What recent trends in corporate treasury management are being influenced by MicroStrategy’s model? How does MSTR’s performance compare to that of bitcoin and what might this indicate about investor sentiment? What potential risks might arise for the bitcoin market if MSTR were to fail?

MSTR earnings came out May 1. My morning media stops last Thursday (here and here) asked for a preview. We don’t talk about stocks, so I planned to zoom out and hit themes. While preparing, I had to suppress the eye-roll reflexes that MSTR triggers.

MSTR, of course, is the ticker symbol for MicroStrategy, or Strategy, as the company is now known. Strategy, fronted by Michael Saylor, pioneered the “bitcoin treasury” model that’s now been copied by Metaplanet and dozens of other companies. Strategy plans to raise $84 billion, according to its most recent announcement, across equity and fixed income instruments.

Here are three questions:

  1. Earnings?
    MSTR "earnings" and "price targets" are… Well, they don’t really mean the same thing, especially once the effect of ASC 2023-08 is backed out. It’s just the price of bitcoin and financing, plain and simple. Wall Street analysts and pundits should get that right.

  2. Strategy?
    You can’t just say, "Strategy." You have to say, "Strategy; you know, it used to be Microstrategy." Like Prince, Puff Daddy, Kanye West and Twitter. NB: folks say "strategy" (small "s") a lot already.

  3. Don’t be a hater?
    MSTR supports a market cap of $107b with bitcoin holdings of $53b and laser-eyed goodwill.

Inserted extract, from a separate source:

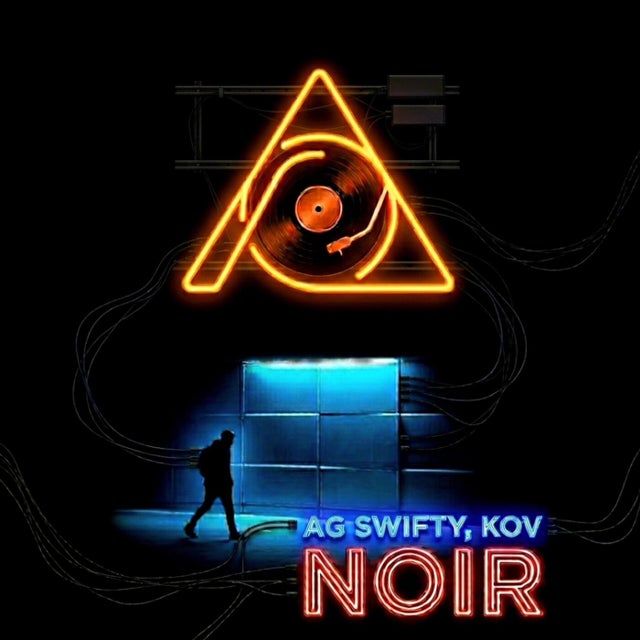 Noir album art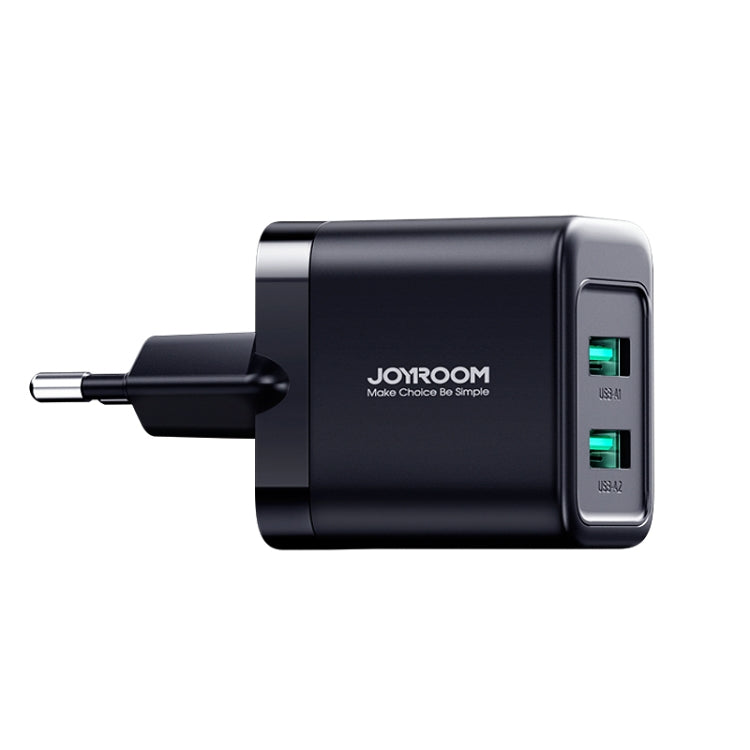 Caricatore USB a doppia porta JOYROOM JR-TCN01 2.4A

No lifeboat, no parachute, no apparent Plan B. If it fails, the bitcoin market could take the blame.

Those eye-rollers (and some obsequious media coverage notwithstanding, we can agree that:

  • The capital raises are truly awesome. The force is strong in this one.

  • MSTR is up 36% on the year, compared to less than 5% for bitcoin. Who am I to throw stones?

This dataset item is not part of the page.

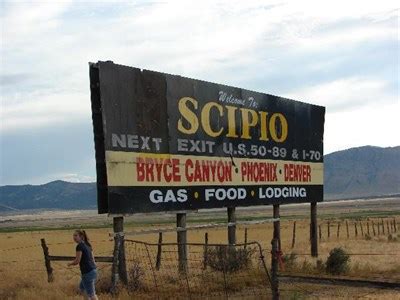 Scipio, Utah - Wikipedia Entries on Waymarking.com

  • MSTR cleverly uses stock price volatility as a feature, not a bug, for 1) issuing mouth-watering converts, 2) attracting listed options volume, and 3) corporate "yield" strategies. (Just please stop calling option-selling a "yield strategy." And I said "strategy" again. Small "s".)

  • The preferreds (STRK and STRF hit the mark with some folks who like preferreds. Some of my preferreds friends are smitten.

MSTR created a movement

Strategy (big "S") has not only created a movement, but a category. Levered MSTR ETFs (including this new one which pays "income") serve the market for whom MSTR’s 70 vol is dull. Grayscale announced an ETF that tracks 30 companies that hold at least 100 bitcoin.

Last, but not least, Cantor Equity Partners, a SPAC, is merging to form Twenty One Capital, which will hold $3 billion of bitcoin. Mention this trend in a room full of pundits and they’ll yell "Gamestop!" in unison. It’s fun.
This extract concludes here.